If we docker export that image to the local filesystem and use runc state to configure so we can run it with runc, runc run takes ~85ms to run /bin/ls /. If we runc exec <cid> /bin/ls / to start a process in an existing container, that completes in ~10ms. runc appears to be executing these simple tasks ~10x faster than Docker.

But to even get to that point, we had to make a filesystem available to spawn the container in. With Docker, you need to load an image into Docker. Using docker save to produce a 105,523,712 tar file, docker load -i image.tar takes ~1200ms to complete. tar xf image.tar takes ~65ms to extract that image to the local filesystem. Granted, Docker is computing the SHA-256 of the image as part of import. But SHA-256 runs at ~250MB/s on my machine and on that ~105MB input takes ~400ms. Where is that extra ~750ms of overhead in Docker coming from?

The Docker image loading overhead is still present on large images. With a 4,336,605,184 image, docker load was taking ~32s and tar x was taking ~2s. Obviously the filesystem was buffering writes in the tar case. And the ~2s is ignoring the ~17s to obtain the SHA-256 of the entire input. But there's still a substantial disparity here. (I suspect a lot of it is overlayfs not being as optimal as ext4.)
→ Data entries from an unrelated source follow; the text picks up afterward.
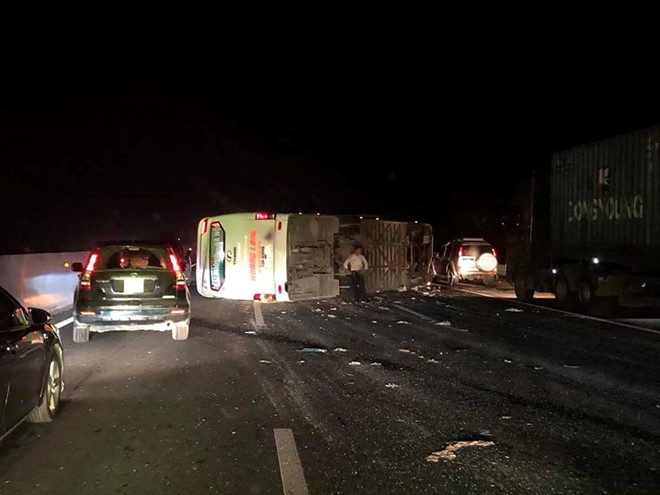 Ôtô chở 20 người lật trên cao tốc, nhiều hành khách nhập viện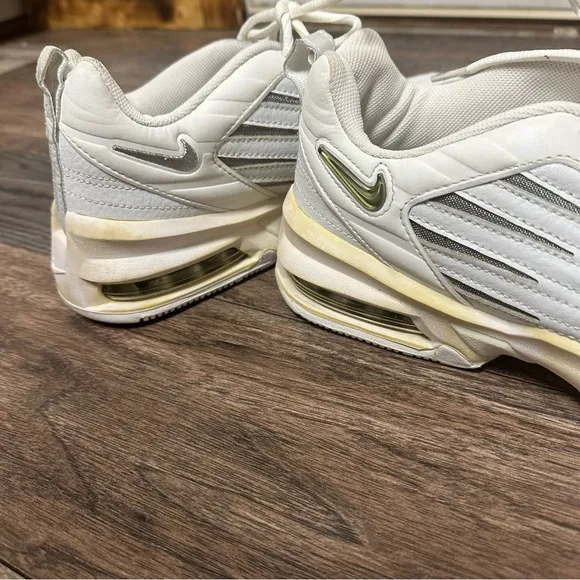 Vintage OG Nike Max Air Cross Training Sneakers Shoes Sz 10 RARE 2002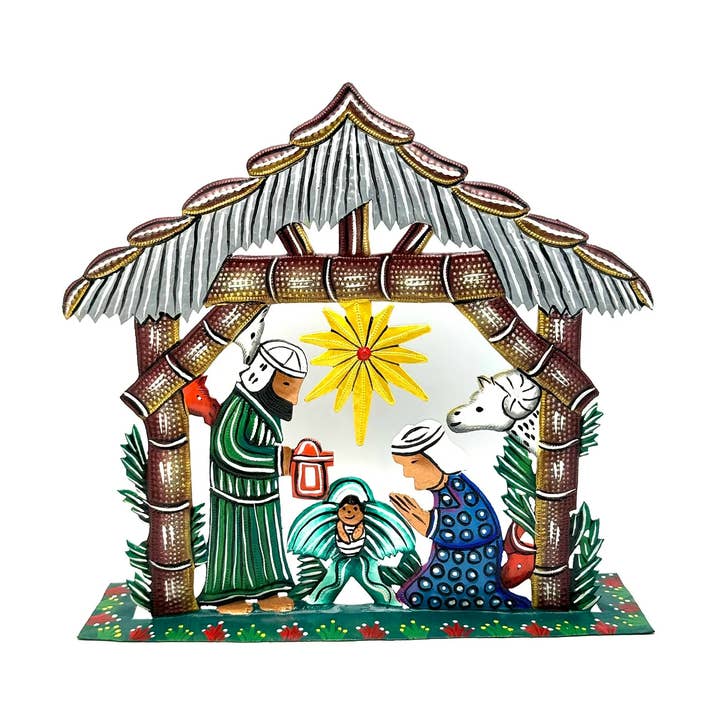 Bemalte, freistehende Krippenszene for wholesale by Our Market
Several years ago there weren't many good choices for tools to execute containers. But today, there are good tools readily available. And thanks to OCI standards, you can often swap in alternate container runtimes. Docker (the tool) has an architecture that is optimized for solving complex use cases (coincidentally use cases that Docker the company makes money from). Because of this, my conclusion - drawn from using Docker for several years - is that Docker is unsuitable for many common use cases. If you care about low container startup/teardown overhead, low latency when interacting with containers (including spawning processes from outside of them), and for workloads where Docker's storage model interferes with understanding or performance, I think Docker should be avoided. A simpler tool (such as runc or even bubblewrap) should be used instead.

Call me a curmudgeon, but having seen all the problems that Docker's complexity causes, I'd rather see my containers resemble a tarball that can easily be chroot()'d into. I will likely be revisiting projects that use Docker and replacing Docker with something lighter weight and architecturally simpler. As for the use of Docker in the more complex environments it seems to be designed for, I don't have a meaningful opinion as I've never really used it in that capacity. But given my negative experiences with Docker over the years, I am definitely biased against Docker and will lean towards simpler products, especially if their storage/filesystem management model is simpler. Docker introduced containers to the masses and they should be commended for that. But for my day-to-day use cases for containers, Docker is simply not the right tool for the job.

I'm not sure exactly what I'll replace Docker with for my simpler use cases. If you have experiences you'd like to share, sharing them in the comments will be greatly appreciated.